# Bus from Querétaro to Mexico City



## MissKT (Feb 24, 2013)

Hello!

So, I'm in the process of buying a ticket home to the US for Christmas vacation. Not surprisingly, tickets out of the Mexico City airport are far cheaper than that out of the Querétaro airport. 

I've been told that there is a bus(es) that go straight from Querétaro to the Mexico City airport. Can anyone tell me more about this and point me in the right direction as to where I could book a ticket? 

Thank you!


----------



## TundraGreen (Jul 15, 2010)

MissKT said:


> Hello!
> 
> So, I'm in the process of buying a ticket home to the US for Christmas vacation.
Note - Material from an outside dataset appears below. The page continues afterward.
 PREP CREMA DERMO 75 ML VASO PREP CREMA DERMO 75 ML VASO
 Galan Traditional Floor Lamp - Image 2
Not surprisingly, tickets out of the Mexico City airport are far cheaper than that out of the Querétaro airport.
> 
> ...


Mexico city has a bus station right next to the airport. It is one of several. The DF bus stations are called Norte, TAPO, Aeropuerto, another that I can't recall offhand. The one you want is Aeropuerto. You can go to any of several web sites and book a reservation from Qro to Mexico Aeropuerto. Primera Plus might be a good one to try. Or ETN. Both have first class/luxury buses. ETN is a bit more luxurious and hence a bit more expensive.


----------